Concentration of wealth in the hands of few: this is actually being promoted by all administrations the US has seen in the last decades. If only 80% of the insane military budget could be used to house, feed, cloth and educate EVERY citizen...

3 comments

Zoning would help primarily in the highest-cost areas. The blog post doesn't specify it, but the problem is mainly in a few major metropolitan areas, not country-wide.
Concentration of wealth is insufficient to explain it:

- there is no lack of cheap housing, however it's outside of main cities

- Concentration of wealth was worse in many moments in history, but that didn't imply in unaffordable real estate (at today's levels)

- Most government regulation works to restrict the supply of housing rather than expand it, even the ones that "theoretically" help with affordability (like rent controls - which I'm not against in some cases).

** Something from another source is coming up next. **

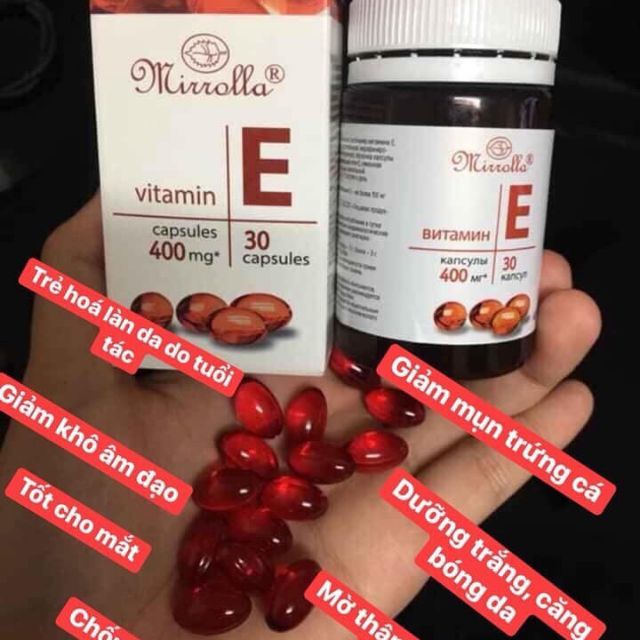 Vitamin e đỏ của nga hàng mới toanh ạ hành có sẵn tại shop ạ , giá 220.000đ, 1 hộp có 30 viên , hàm lượng 40mr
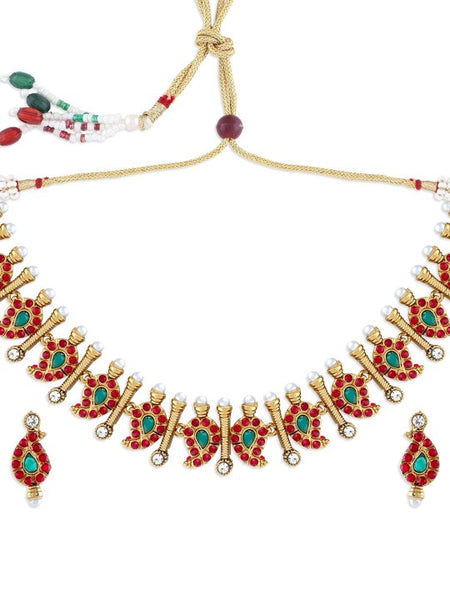 Gold-Plated Fuchsia-Pink & Green Stone-Studded & Beaded Temple Jewellery Set VitansEthnics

The problem is that everyone is trying to concentrate their wealth and that only the wealthy have the means to achieve it.
> The problem is that everyone is trying to concentrate their wealth

Here you see people as individuals.

> and that only the wealthy have the means to achieve it.

And here you distinguish classes.

I think this is a class issue, with at the top level: the "wealthy to the extend that you do not have to work to survive" at one side, and the "rest of us" on the other side.

Concentrating wealth to the extend that you can scrape by is a joke. This is called scraping by.

I saw this quote once and had to laugh:

"Socialism never took root in America because the poor see themselves not as an exploited proletariat, but as temporarily embarrassed millionaires."